# **Introduction**

ASHRAE Global Thermal Comfort dataset is another fascinating dataset that combines objective and subjective data. The combination allows for an interesting perspective on how real people are affected by HVAC systems. This unique perspective will allow us to conduct a dive into the world of HVAC science and hopefully emerge with new insights.

My initial idea for this dataset is to conduct a geographical analysis of HVAC systems and thermal preferences. We will do a lot of geographical plotting combined with some spider graphs and stacked bar graphs. The end goals are:

Exploring how geography and climate affect HVAC systems and thermal preferences.
Find possible correlations between thermal preferences and subjective data.
Determine what factors influence thermal dissatisfaction.


# **Importing libraries and data**


In addition to the ASHRAE dataset, I am going to import the city dataset for its location data. Please note that there will be some changes to the location data that we need to apply manually.

In [None]:
import pandas as pd
import numpy as np

import matplotlib.pyplot as plt
import seaborn as sns

import plotly.graph_objects as go

import warnings
warnings.filterwarnings("ignore")

import datetime

#Define plot style
plt.style.use("fivethirtyeight")

import gc

In [None]:
df = pd.read_csv(r"../input/ashrae-global-thermal-comfort-database-ii/ashrae_db2.01.csv")
df_city = pd.read_csv(r"../input/cities-of-the-world/cities15000.csv",encoding = "ISO-8859-1") # Location data

# **Initial data analysis**

We are going to take a sneak peek at the data and determine how much of it we are going to use.

In [None]:
df.head()

The dataset has a lot of columns, and many of them have less than 40% of their data. Additionally, there are duplicate columns (for example temperature data in both Fahrenheit and Celsius). We are going to cover them and determine the ones that need dropping.

In [None]:
df.info()

In [None]:
to_drop = ["Air temperature (F)",#Duplicate data, we have it in celsius.
           "Ta_h (F)","Ta_m (F)",#Duplicate data.
           "Ta_l (F)","Operative temperature (F)", #Duplicate data.
           "Radiant temperature (F)", #Duplicate data.
           "Globe temperature (F)", #Duplicate data
           "Tg_h (F)", #Duplicate data
           "Tg_m (F)", #Duplicate data
           "Tg_l (F)", #Duplicate data
           "Publication (Citation)", #Unnecessary for the analysis
           "Data contributor",#Unnecessary for the analysis
           "Database", #Unnecessary for the analysis
           "Air velocity (fpm)", #Duplicate data
           "Velocity_h (fpm)", #Duplicate data
           "Velocity_m (fpm)", #Duplicate data
           "Velocity_l (fpm)", #Duplicate data
           "Outdoor monthly air temperature (F)",#Duplicate data
           "Blind (curtain)", #Unnecessary for the analysis
           'Fan', 'Window', #Unnecessary for the analysis
           'Door','Heater', #Unnecessary for the analysis
           'activity_10', #Unnecessary for the analysis
           'activity_20', #Unnecessary for the analysis
           'activity_30', #Unnecessary for the analysis
           'activity_60' #Unnecessary for the analysis
          ]

df.drop(to_drop, axis=1, inplace=True)

 # **Exploratory data analysis**
 

As previously mentioned, the main focus of this notebook will be on the geographical analysis of the thermal dataset.
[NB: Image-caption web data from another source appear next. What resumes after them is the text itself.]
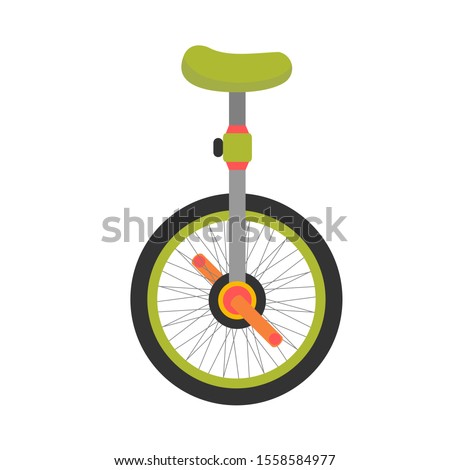 Unicycle flat design icon vector illustration.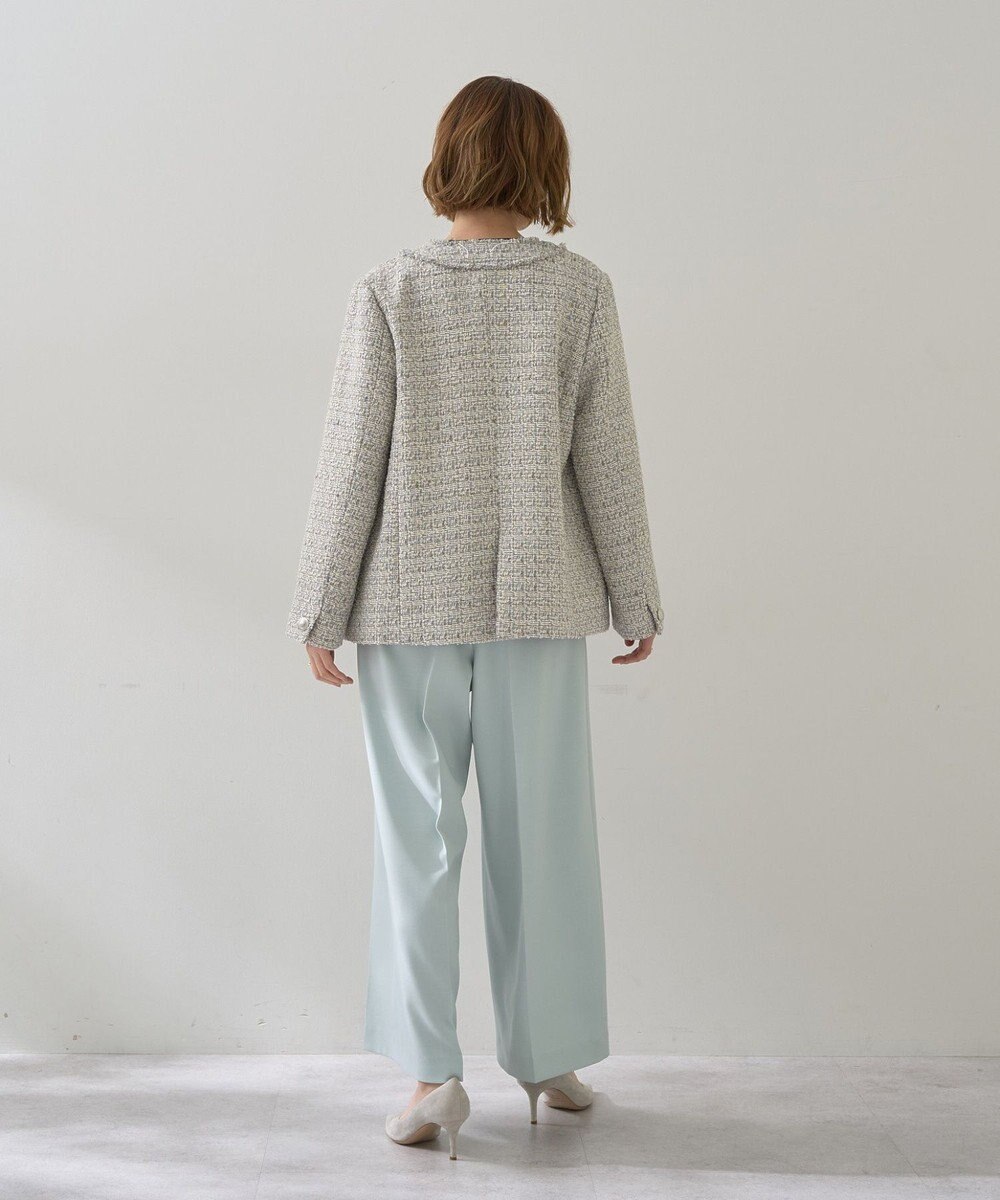 YECCA VECCA ノーカラーツイードジャケット 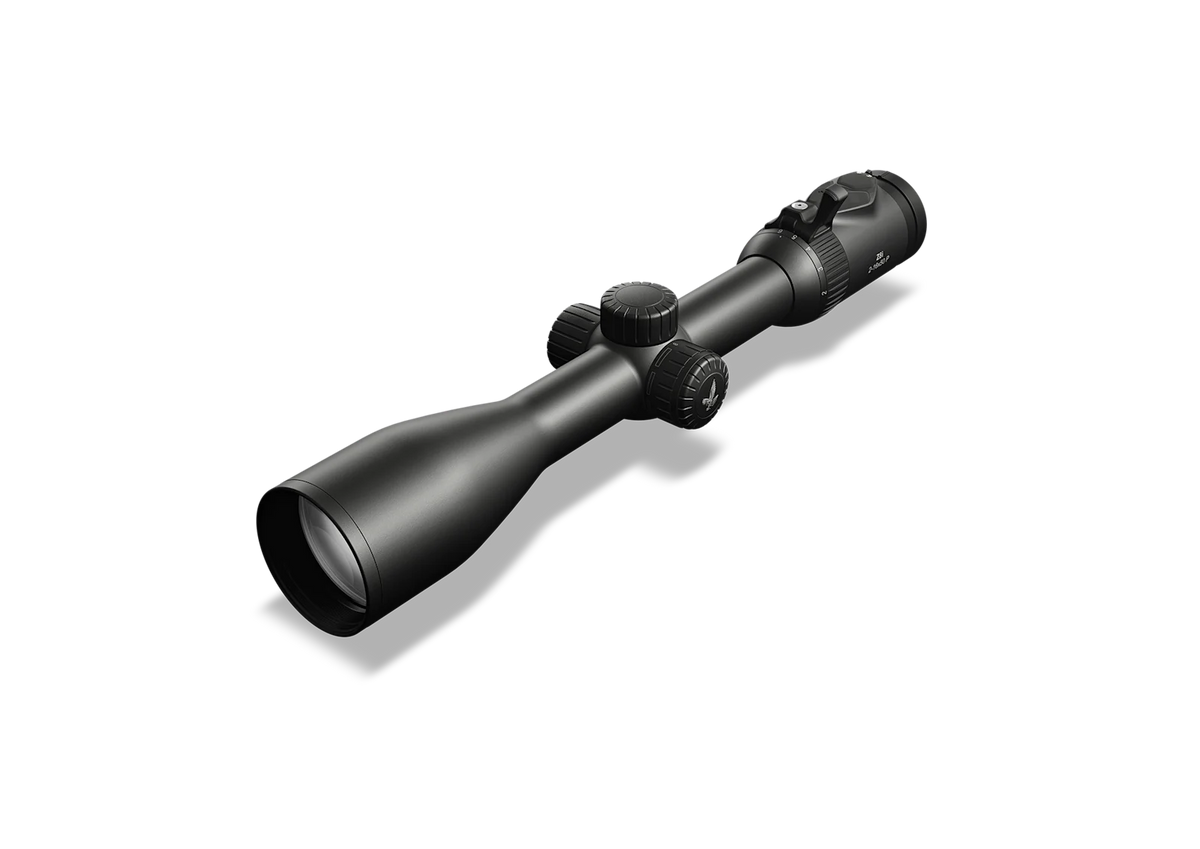Black riflescope, angled view showing objective lens and side focus or magnification rings.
To that end, we will first be plotting all buildings on a world map. It is important to note that this dataset covers the thermal preference of subjects in these buildings over almost a century. To simplify, it means that the number of entries doesn't equal number of unique buildings.

We will need to merge the location dataset with the thermal dataset. Before we do that, we will need to address some data mismatches on the dataset. In particular, the city of "Midlands" exists in both the US and UK. Please note that Midlands is not an actual city in this context, but an area.

**Location data preperation**

In [None]:
geo_df = df.groupby("City")["City"].agg("size")
geo_df = geo_df.reset_index(name="Count")

df_city = df_city[["asciiname", "latitude", "longitude"]]
df_city.rename(columns = {"asciiname" : "City","latitude" : "Lat", "longitude" : "Lng"},inplace=True)
df_city.drop_duplicates(subset="City",inplace=True)

#Midland is in the UK
df_city.loc[(df_city.City == "Midland"),"Lat"]= 52.489471
df_city.loc[(df_city.City == "Midland"),"Lng"]= -1.898575

geo_df = pd.merge(geo_df,df_city,how="left", on="City")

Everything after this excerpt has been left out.